Do you still play them in order? 

Nope. Actually…not intentionally, but we might actually be doing that. There’ll be a couple songs from that and then an older song … but now that I think about it, they might be in order.

Is it tough to write an album like that and then know that you’re going to go on tour and chop it up a little bit?

No, I don’t think so. I think at some point I’d like to do it…have a couple shows or a little tour… where we do the whole album in its entirety. But people want to hear it bookended, maybe, with other songs. People would get a little upset if we didn’t play some of the old ones too.

The album is obviously about an Iraq war veteran coming back and all that “coming back” entails.
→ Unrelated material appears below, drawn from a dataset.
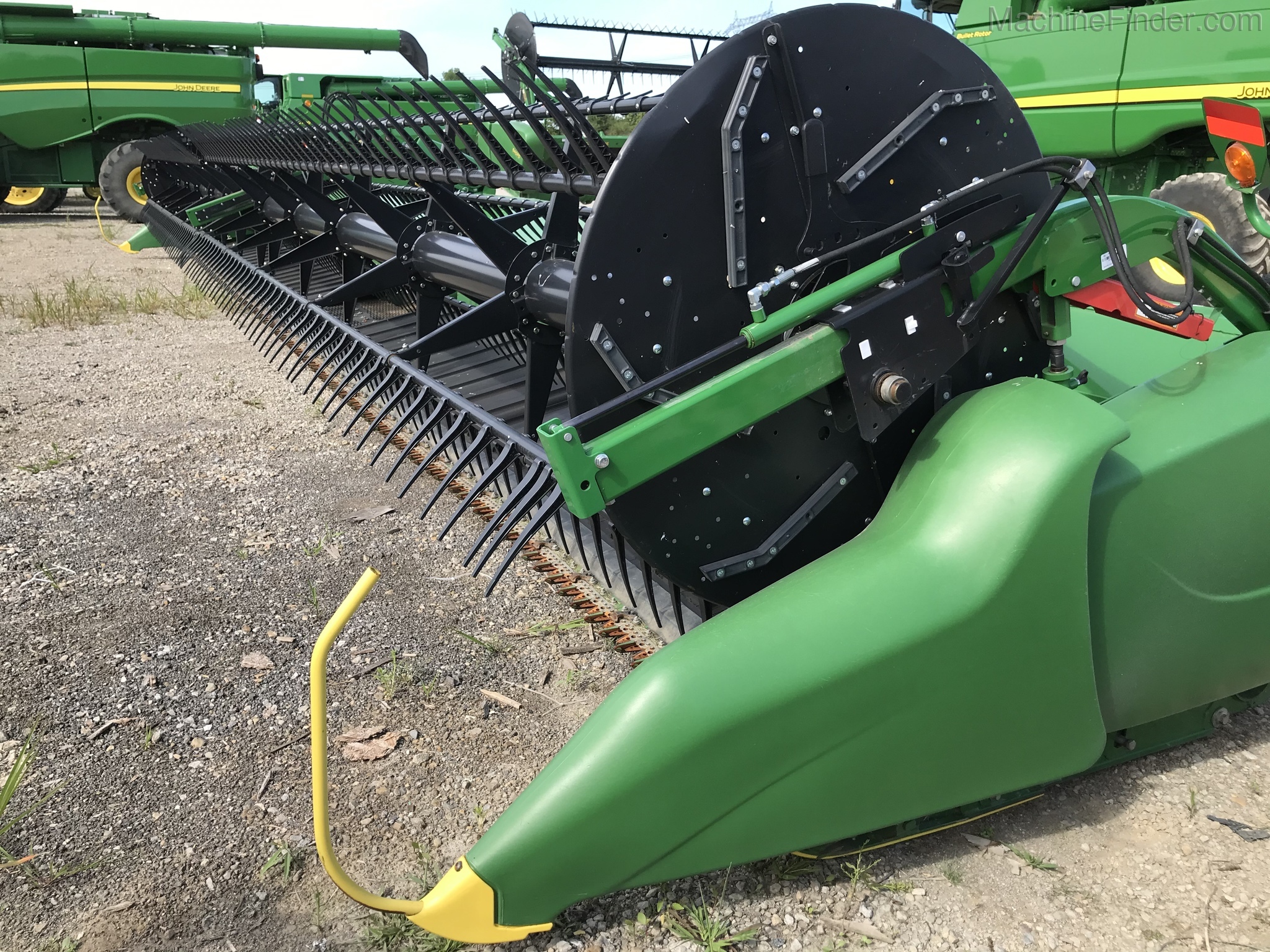 2018 John Deere 645FD Image 1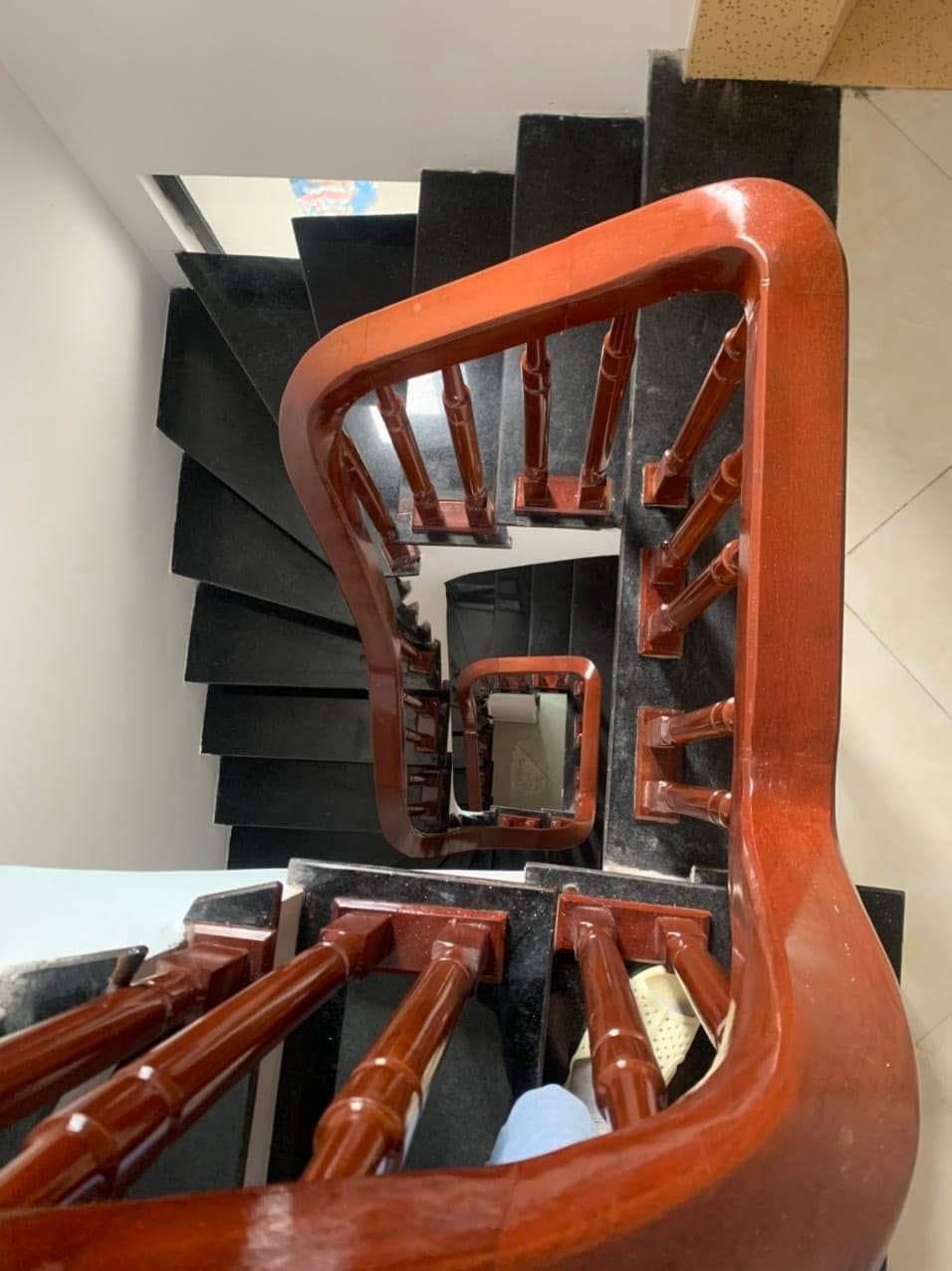 Bán Nhà Minh Khai, Hai Bà Trưng. 6 tầng thang máy,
Have you heard from people that were vets, or were you conscious of writing an album like that from a perspective that was respectful, to make sure that you were getting it right?

When I was writing it?


No, I didn’t talk to anybody, really. I don’t how it came…

Yeah, how do you find that place? 

I don’t even know. I just kinda try to, you know, dive into those characters to figure out what that may be like. But yeah, I’ve gotten insane feedback from a lot of guys that have come back and are not handling being back too well.

Awesome. Because there are some heavy moments…you talk about “putting the gun in your mouth to feel something real”…you singing that hits me every time. 

Yeah, that’s pretty heavy. That whole section is pretty heavy, from “Joey White” when he goes off to war, and then he comes back, and then “The Whistler,” that whole three-song section before he’s kinda starting to look and feel a little more human. It’s pretty dark. 

You’ve obviously written stuff that’s sort of dark and goes to a dark place before, but I think, especially that song “30 Days Back” is such a specific feeling that you evoke. If you haven’t been there personally, did people check on you? Once they heard that you write something like that, did people close to you ask, you know, “are you okay?”

Me? Well, if you know me, you know that I’m okay (*we all laugh*).

What I mean is that it sounds so authentic the way that you pull it off, but if you haven’t been to that place yourself necessarily, that sorta indicates that there’s something else going on upstairs that you’re tapping into. (*we all laugh*)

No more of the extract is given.